Allí está todo, esos libros son dioses que todo lo ven y todo lo saben. Pero no
terminas por congeniar con estos seres, demasiado serios y escuetos para
generar amistades largas, como las novelas. Son gente que charlan para ganar
debates escolares o en los minutos previos de los exámenes, son el chico listo
de la clase que responde dudas con cierta condescendencia y saca dieces. Pero
les falta la chispa de los diálogos disparatados y las risas que provocan las
anécdotas más extravagantes. La desmesura de las enciclopedias resumen el mundo
pero no terminan por explicarlo, es un novio de beso, pero torpe para las
caricias lascivas del amante. Al final, las enciclopedias me atraen, pero
terminan por volverse predecibles en el tono, aunque vastas en el contenido.
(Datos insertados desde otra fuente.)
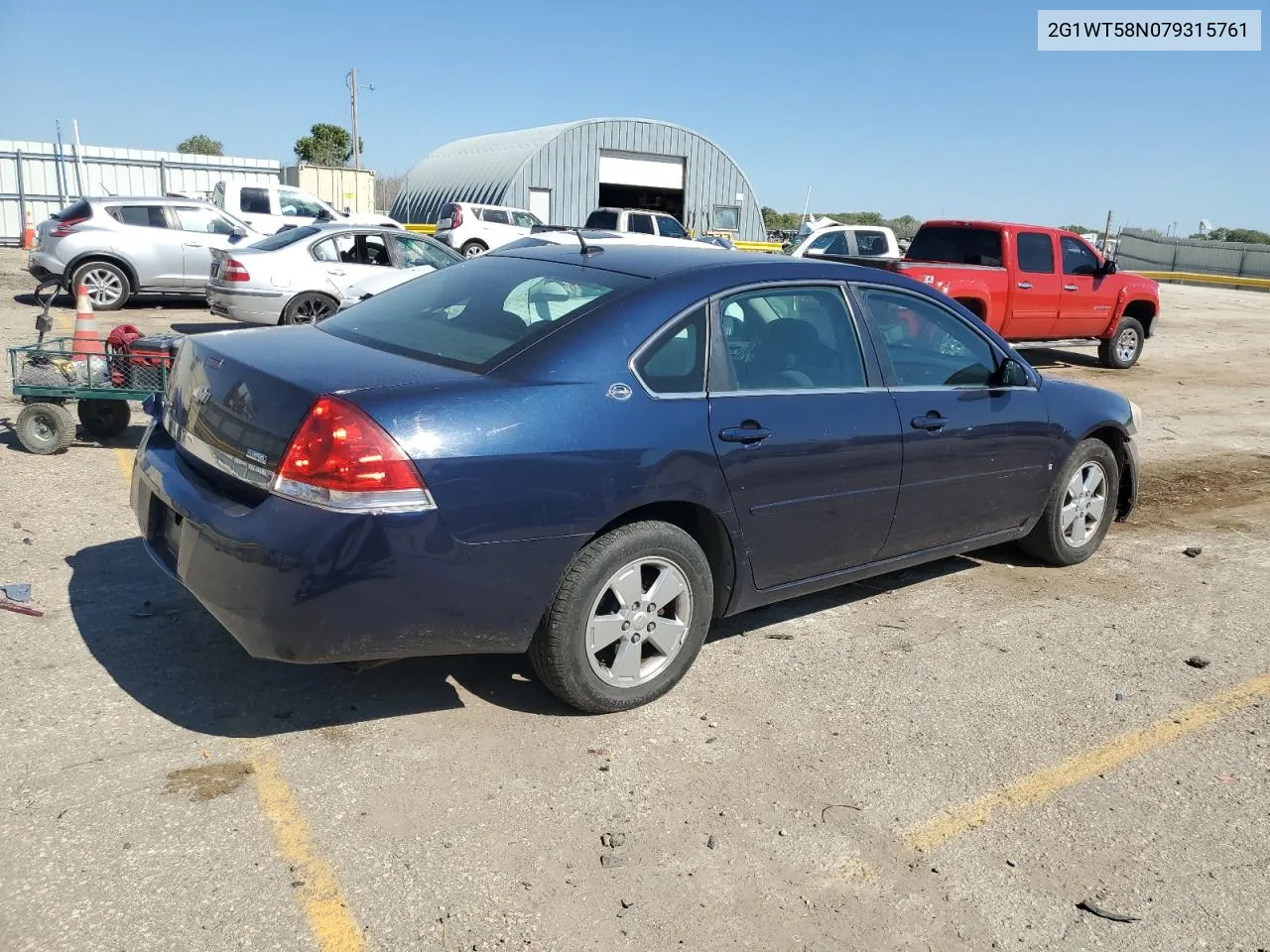 2007 Chevrolet Impala Lt VIN: 2G1WT58N079315761 Lot: 74601674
En mi vida me he topado con
muchos diccionarios y me he propuesto resumirlos de algún modo. Los diccionarios
de inglés-español, por ejemplo, traducen la palabra pero omiten los sentidos,
volviendo su propósito principal, traducir, en una labor siempre imperfecta y
mutilada. Mejores son los diccionarios con las definiciones en inglés, pero su
abundante léxico siempre termina por hacerme usar el diccionario
inglés-español, ese muchacho tísico que palidece en dos idiomas. Los
diccionarios filosóficos, por otro lado, se vuelven tratados mastodónticos de
temas que se entienden mejor en la práctica (la moral), simples recopiladores
de biografías o evangelios según San Bunge, San Voltaire o el beato Savater
(este último no alcanza la canonización para los feligreses de la filosofía).
Los diccionarios especializados en ciencias sociales parecen guías telefónicas,
repletas de nombres propias y números de cita; los que hablan de ciencias
naturales se asemejan a guías telefónicas escritas en alfabeto chino o cirílico.
Los diccionarios de literatura sirven muy bien como catálogo para comprar en
las librerías. Finalmente, los glosarios, pequeños diccionarios que se anexan en
la parte final de los libros académicos, terminan por ser la sección más
consultada y leída de todo el texto. Pienso que los diccionarios generales
terminan de ser más satisfactorios que los especializados, porque al menos
contienen los vocablos que dice todo el mundo y no los que usan unos cuantos.
Agradezco a los diccionarios por
ampliar mi afición a la lectura, reconocer la riqueza del lenguaje que hablo y
escribo, y amar la personalidad propia que desprende cada palabra, apreciar su
identidad y admirar a quienes las usan con mano diestra para dotarle
significados estimulantes mediante la literatura o las charlas. Diccionarios a
los que nunca entiendes las abreviaturas que preceden a las acepciones.
Diccionarios que terminan fatigados por aprehender todos los significados y
matices de las palabras. Diccionarios que me recuerdan la infancia, los sueños,
la vida, emociones inabarcables que estos libros intentan capturar con el largo
inventario que archivan alfabéticamente en sus abundantes registros.